Ho bisogno che lui ci vada.
La sua espressione cambia all'istante, così come smette di lambirmi la schiena.
-Dimmi, Alexa, in quale altro guaio finiremo questa sera?- rotea gli occhi.
Rimango interdetta dal sentirlo usare il "noi". Non c'è nessun "noi". Sono "io" che uso "lui" per sopravvivere qui dentro, e "lui" fa esattamente lo stesso. Non è "noi". Non abbiamo gli stessi obiettivi, non siamo una squadra. Non c'è nessun rischio di diventarlo. Non con lui.
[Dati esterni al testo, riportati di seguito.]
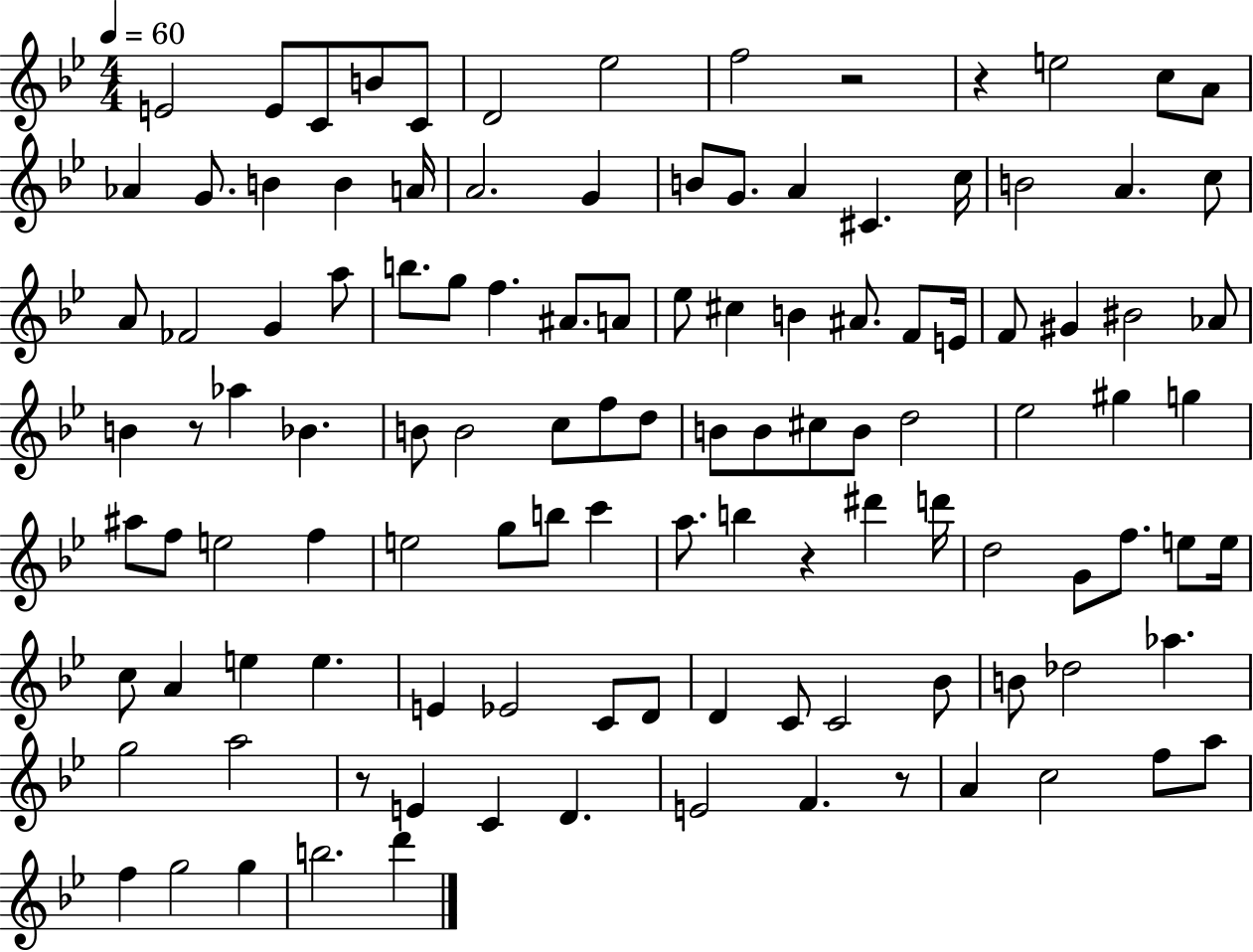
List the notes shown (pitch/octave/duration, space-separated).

E4/h E4/e C4/e B4/e C4/e D4/h Eb5/h F5/h R/h R/q E5/h C5/e A4/e Ab4/q G4/e. B4/q B4/q A4/s A4/h. G4/q B4/e G4/e. A4/q C#4/q. C5/s B4/h A4/q. C5/e A4/e FES4/h G4/q A5/e B5/e. G5/e F5/q. A#4/e. A4/e Eb5/e C#5/q B4/q A#4/e. F4/e E4/s F4/e G#4/q BIS4/h Ab4/e B4/q R/e Ab5/q Bb4/q. B4/e B4/h C5/e F5/e D5/e B4/e B4/e C#5/e B4/e D5/h Eb5/h G#5/q G5/q A#5/e F5/e E5/h F5/q E5/h G5/e B5/e C6/q A5/e. B5/q R/q D#6/q D6/s D5/h G4/e F5/e. E5/e E5/s C5/e A4/q E5/q E5/q. E4/q Eb4/h C4/e D4/e D4/q C4/e C4/h Bb4/e B4/e Db5/h Ab5/q. G5/h A5/h R/e E4/q C4/q D4/q. E4/h F4/q. R/e A4/q C5/h F5/e A5/e F5/q G5/h G5/q B5/h. D6/q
-Vorrei solo sapere cos'hanno da dirsi. Questa è una questione che riguarda anche me, ma per qualche motivo Arthur ha voluto tagliarmi fuori-
-Forse perché ci sono informazioni riservate a cui non puoi accedere?- mi canzona sorridendo. Per lui tutto questo è divertente, o addirittura stupido, per me è un modo per salvare la vita ai miei amici.
-Ma a quanto pare tu sì-
-Scordatelo- e si allontana da me, è così che di solito sancisce la fine di un discorso.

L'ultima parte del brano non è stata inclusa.